INPUT DATA:
########################################
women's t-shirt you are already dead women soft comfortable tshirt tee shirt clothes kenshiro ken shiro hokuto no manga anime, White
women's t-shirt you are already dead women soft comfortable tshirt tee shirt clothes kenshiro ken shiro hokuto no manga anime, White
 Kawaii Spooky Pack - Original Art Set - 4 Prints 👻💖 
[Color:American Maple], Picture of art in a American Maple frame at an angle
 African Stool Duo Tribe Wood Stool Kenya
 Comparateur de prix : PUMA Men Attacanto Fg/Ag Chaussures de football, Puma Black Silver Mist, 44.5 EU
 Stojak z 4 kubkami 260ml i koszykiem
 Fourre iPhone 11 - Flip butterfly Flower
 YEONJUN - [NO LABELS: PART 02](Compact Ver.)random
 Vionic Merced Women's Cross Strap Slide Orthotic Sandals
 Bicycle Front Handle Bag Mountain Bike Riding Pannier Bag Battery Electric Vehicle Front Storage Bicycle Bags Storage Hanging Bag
########################################
EXERCISE REQUIREMENTS: Could you transcribe the entries above word for word, from the line with "Comparateur de prix" down to the line with "YEONJUN - [NO", keeping both?

WRITTEN SOLUTION:
 Comparateur de prix : PUMA Men Attacanto Fg/Ag Chaussures de football, Puma Black Silver Mist, 44.5 EU
 Stojak z 4 kubkami 260ml i koszykiem
 Fourre iPhone 11 - Flip butterfly Flower
 YEONJUN - [NO LABELS: PART 02](Compact Ver.)random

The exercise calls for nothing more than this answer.